Et cependant toujours en prière, toujours aux écoutes de la Vérité. Prière, labeur, obéissance, sont les lieux de cette attente et de cet accueil. Non parce qu'ils sont de la prière, du labeur et de l'obéissance, mais parce que Jean Marie Baptiste y est délibérément, vaillamment, généreusement pénitent: c'est-à-dire désireux de Dieu seul assez pour ne s'attacher à aucune créature qu'en Dieu et par Dieu seul. La plus sûre façon, c'est de mourir à soi-même, d'être soi-même mort à tout désir. Alors il n'est pas besoin de se garder des créatures; et nous ne risquons ni de supprimer cruellement, ne serait-ce qu'en les ignorant, celles qui n'ont pas eu l'heur de nous attacher, ni de desservir celles auxquelles nous tenons le plus!
Ce témoin de la Vérité, celui dont toute la vie, tous les gestes rappelleront la Vérité, lieront par la Vérité, délieront par la Vérité, éclaireront, conforteront par la Vérité, est d'abord lui-même Pénitent, surtout, sous tout, partout : Pénitent. Et c'est parce qu'Il retourne à Dieu par un si sûr chemin que le diable mettra tant d'embûches et si efficaces, en définitive, grâce à Dieu, pour aider à faire du Curé d'Ars, le Saint Curé d'Ars.





2. Accueillir la Vérité et s'y rendre disponible par l'accueil pénitentiel ne suffit pas à être un homme de Vérité. Il faut encore la fréquenter, une fois accueillie, dans la pratique.
Pratiquer la Vérité c'est agir selon ce que nous sommes, sur des objets qui ont leur vérité, sur des personnes qui ont leur vérité, en des circonstances qui ont leur vérité, et en des finalités de valeurs dont il faut connaître la vérité. (Celui qui n'est pas avec Moi est contre Moi).
Or nous-mêmes, les gens, les choses et les circonstances se manifestent par des "apparences". Il y a des apparences véridiques en ce sens que sans être la Vérité elles la signifient. Il n'est que d'approfondir dans leur sens pour connaître cette Vérité: telle démarche de pénitent est une apparence de repentance, par delà l'apparence connaître l'âme et par delà l'attitude de l'âme reconnaître la grâce de repentance.
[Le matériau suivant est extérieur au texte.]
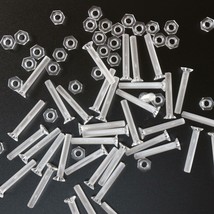 50x Countersunk Screw Nuts &amp; bolts Transparent Clear Plastic Acrylic M2 ... - £19.90 GBP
Mais les apparences peuvent être trompeuses et tel pénitent dont l'apparence est de repentance n'est qu'un curieux qu'il faut laisser attendre devant le confessionnal jusqu'à ce que l'attitude de l'âme accueille la grâce de repentance.
Voilà sans doute pourquoi certains pèlerins ont la crainte de celui qui lit dans les âmes par delà les apparences. Pourquoi le Prince des apparences trompeuses, du mensonge fait une telle guerre au Saint Curé.
Ainsi pratiquer la Vérité ce n'est pas seulement poser des gestes conformes en apparence, mais agir convaincu jusqu'à l'âme, intelligence, cœur, volonté, de ce que l'on fait et de ce pourquoi on le fait et de Celui pour qui on le fait.
Cela s'appelle la simplicité, celle des saints, tout "unis", qui pensent, aiment et agissent sans réticences, sans "restrictions mentales" de l'intelligence ou du cœur, comme flèche allant à son but par le plus court chemin qui est le plus droit.
Simplicité et discrétion de la parole et de l'action, du silence ou de l'abstention de l'action, c'est le secret des saints qui vivent de la Vérité et agissent en Vérité. Un temps viendra où ceux qui adorent Dieu, L'adoreront en Esprit et en Vérité : C'est-à-dire dans l'assistance du Saint Esprit du Christ Dieu fait Homme.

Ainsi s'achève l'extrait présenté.